Brazil has become the chaotic home to “the Bolsonaro model.” The country’s evangelical president still considers the virus “a little flu” and continues to advocate for an open economy with a to-hell-with-science approach.

Bolsonaro fired his health minister last week after Luiz Henrique Mandetta criticized his boss for flouting social distancing rules. Bolsonaro, who loves hugging his political supporters in crowded spaces during a pandemic, described the firing as a “mutual divorce.” Bolsonaro appointed a more obedient doctor at a ceremony where guests did not wear masks. Nor did they refrain from close physical contact. The president has joined protests against state governors’ lockdown decrees.

The newspaper O Globo offered one snapshot of the pandemic’s progress on April 18 in the state of Rio. There one person dies every 36 minutes, or 40 a day. The majority of the cases affect young people between the ages of 30 and 49 while only 25 per cent of the deaths have occurred among the elderly. Men typically represent the greatest number of cases and deaths.

As evidence of the virus’s prevalence, two governors have been sickened by it: Wilson Witzel of Rio de Janeiro and Helder Barbalho of Para. Witzel, who supports aggressive measures against the virus, has characterized Bolsonaro’s defiance as a “crime against humanity.”

The Asia Times reported that “The predictable health debacle in Brazil is also a direct consequence of the neoliberal economic debacle — wherein public health is not a priority and poor Brazilians have been left on their own, as well as demonized.”

Lack of government co-ordination and supplies have resulted in a dearth of testing as well as underutilized labs run by the agriculture ministry.

Meanwhile Brazilian researchers calculated that the country’s 25,000 cases represent only the tip of iceberg. They estimate that a quarter of a million people are already infected and that the country might face an Italian or Ecuadorean-like emergency by the end of April. In Ecuador, people have died in their homes and on the street by the hundreds.

South Africa: 3,158 cases; 54 deaths; 58 million population

To date the country’s draconian lockdown may have changed the trajectory of the pandemic but testing is spotty. South Africa looked like it was going to repeat England’s experience but now appears to be on a more South Korean-like track. The goal of the lockdown is to buy the country time during which the government can build more critical-care beds, prepare quarantine facilities and set up field hospitals.

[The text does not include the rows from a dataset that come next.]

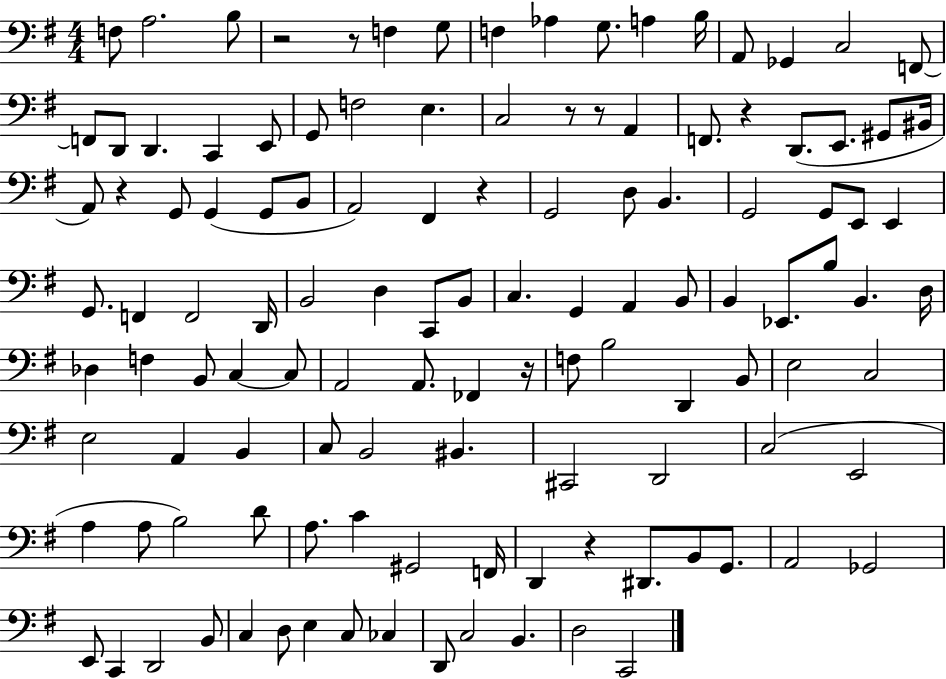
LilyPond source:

{
  \clef bass
  \numericTimeSignature
  \time 4/4
  \key g \major
  f8 a2. b8 | r2 r8 f4 g8 | f4 aes4 g8. a4 b16 | a,8 ges,4 c2 f,8~~ | \break f,8 d,8 d,4. c,4 e,8 | g,8 f2 e4. | c2 r8 r8 a,4 | f,8. r4 d,8.( e,8. gis,8 bis,16 | \break a,8) r4 g,8 g,4( g,8 b,8 | a,2) fis,4 r4 | g,2 d8 b,4. | g,2 g,8 e,8 e,4 | \break g,8. f,4 f,2 d,16 | b,2 d4 c,8 b,8 | c4. g,4 a,4 b,8 | b,4 ees,8. b8 b,4. d16 | \break des4 f4 b,8 c4~~ c8 | a,2 a,8. fes,4 r16 | f8 b2 d,4 b,8 | e2 c2 | \break e2 a,4 b,4 | c8 b,2 bis,4. | cis,2 d,2 | c2( e,2 | \break a4 a8 b2) d'8 | a8. c'4 gis,2 f,16 | d,4 r4 dis,8. b,8 g,8. | a,2 ges,2 | \break e,8 c,4 d,2 b,8 | c4 d8 e4 c8 ces4 | d,8 c2 b,4. | d2 c,2 | \break \bar "|."
}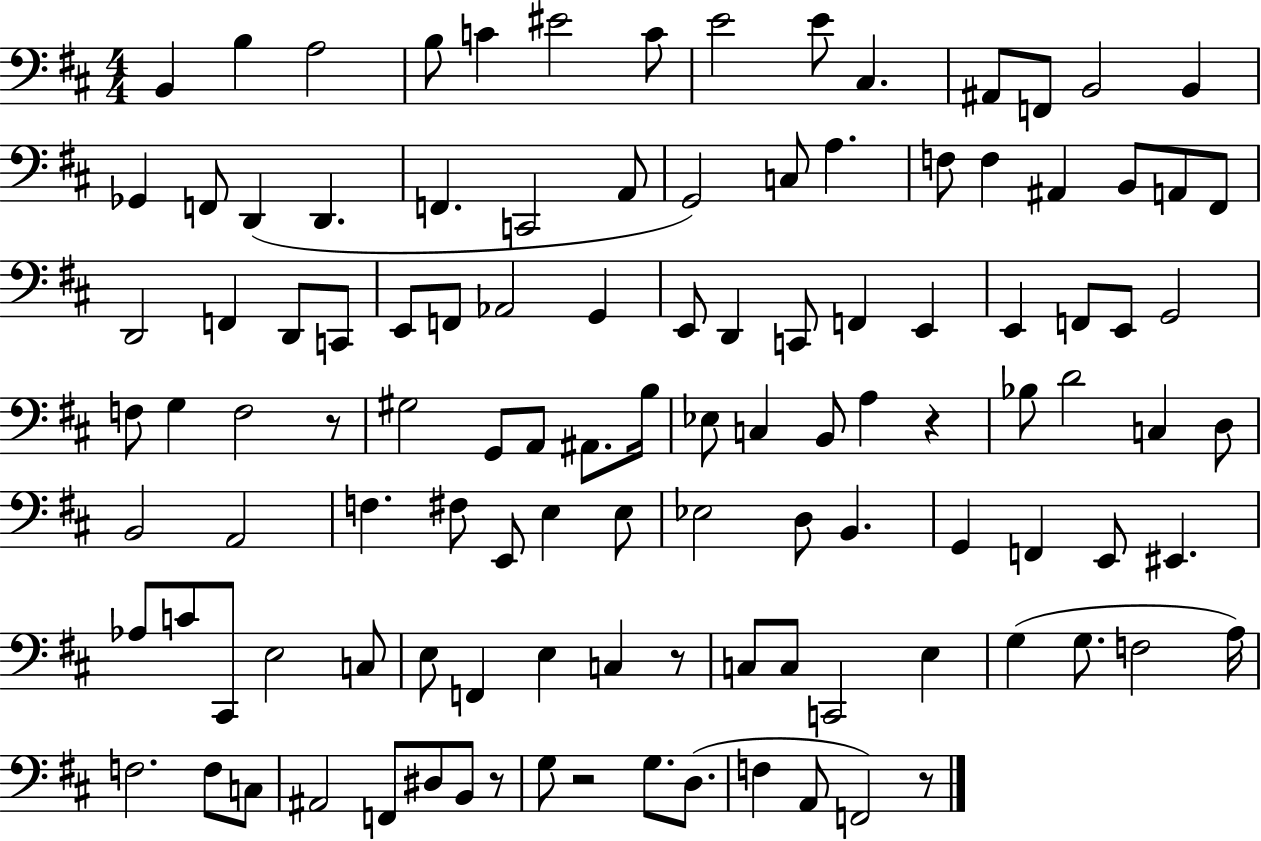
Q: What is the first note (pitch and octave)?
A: B2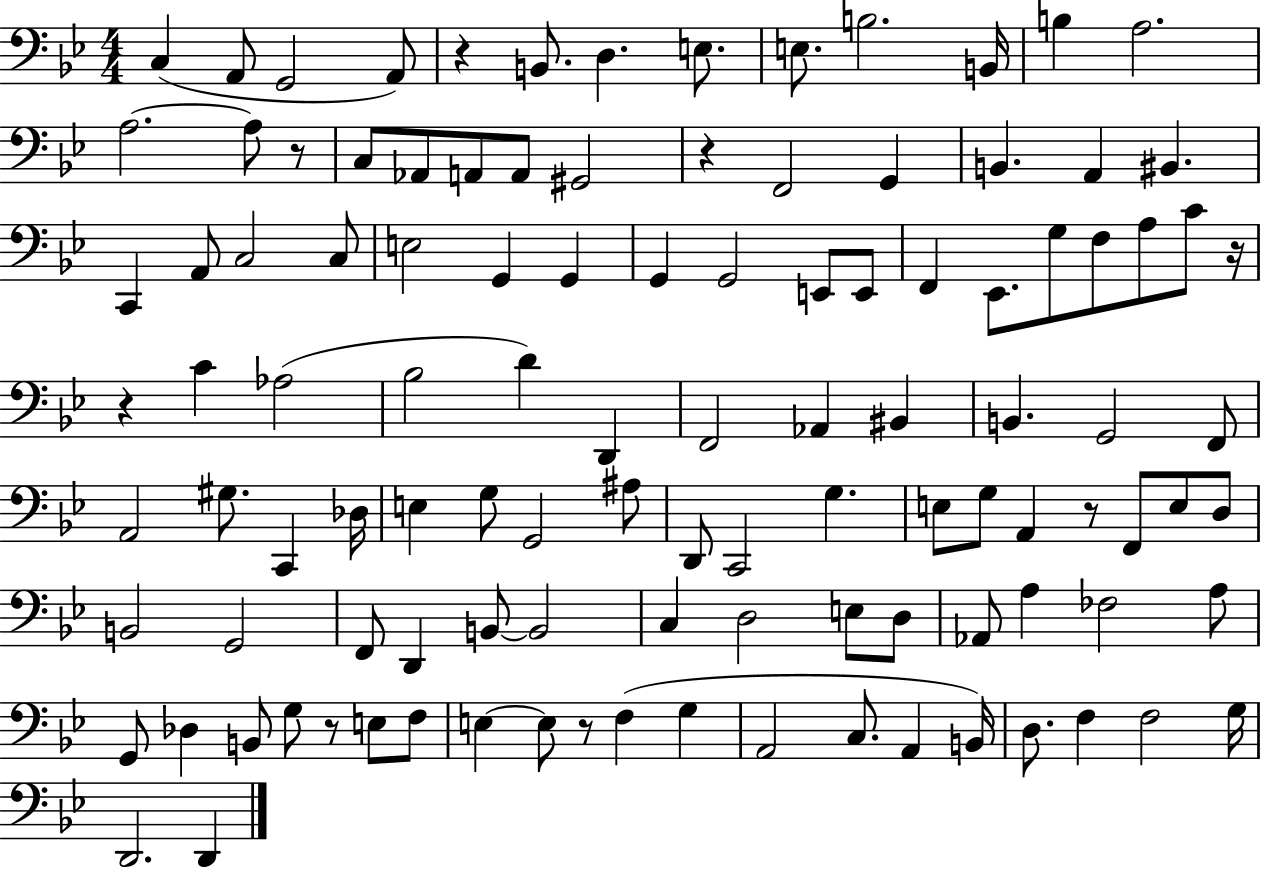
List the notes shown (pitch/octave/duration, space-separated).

C3/q A2/e G2/h A2/e R/q B2/e. D3/q. E3/e. E3/e. B3/h. B2/s B3/q A3/h. A3/h. A3/e R/e C3/e Ab2/e A2/e A2/e G#2/h R/q F2/h G2/q B2/q. A2/q BIS2/q. C2/q A2/e C3/h C3/e E3/h G2/q G2/q G2/q G2/h E2/e E2/e F2/q Eb2/e. G3/e F3/e A3/e C4/e R/s R/q C4/q Ab3/h Bb3/h D4/q D2/q F2/h Ab2/q BIS2/q B2/q. G2/h F2/e A2/h G#3/e. C2/q Db3/s E3/q G3/e G2/h A#3/e D2/e C2/h G3/q. E3/e G3/e A2/q R/e F2/e E3/e D3/e B2/h G2/h F2/e D2/q B2/e B2/h C3/q D3/h E3/e D3/e Ab2/e A3/q FES3/h A3/e G2/e Db3/q B2/e G3/e R/e E3/e F3/e E3/q E3/e R/e F3/q G3/q A2/h C3/e. A2/q B2/s D3/e. F3/q F3/h G3/s D2/h. D2/q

But the biggest threat facing many South Africans is not COVID-19 but hunger.

In some cases the authorities have even prevented NGOs and pastors from delivering food to the poor. Violent protests have flared up in Cape Flats, the sprawling slums outside of Cape Town. In other parts of the country local gangsters armed with masks, gloves and automatic weapons have provided food to some shantytowns. In the Johannesburg suburb of Eldorado Park and in Cape Town, gangs have hired security companies to deliver pots of food and food parcels to poor communities.

The government is now sending 30,000 community health-care workers, many of whom have worked on HIV and tuberculosis campaigns, to test, track and isolate infected individuals. The government hopes to screen 10 per cent of the population (six million) by the end of the month.

The homeless in Cape Town were taken off the streets and removed to a temporary camp outside of town where the virus has spread.

Germany: 146,200 cases; 4,669 deaths; 83 million population

Although hard hit by the virus Germany is now beginning to collect more data to forge an effective exit strategy. It is easing some restrictions on shops up to 800 square metres in size; but bars, restaurants and religious services will remain verboten until May.

Unlike many other European countries, Germany tested early and broadly which helped to identify carriers and slow the virus’s progress. It also kept the number of deaths low compared to Spain and Italy. It now tests up to 120,000 citizens a day and Chancellor Angela Merkel proposes to track down “every infectious chain.”

But before the country can relax more of its restrictions, it needs to find out how people were really infected and how effective their immunity is. To that end the city of Munich has begun to randomly test 3,000 households to determine how many citizens have had the virus. Researchers will take blood samples several times over the course of year.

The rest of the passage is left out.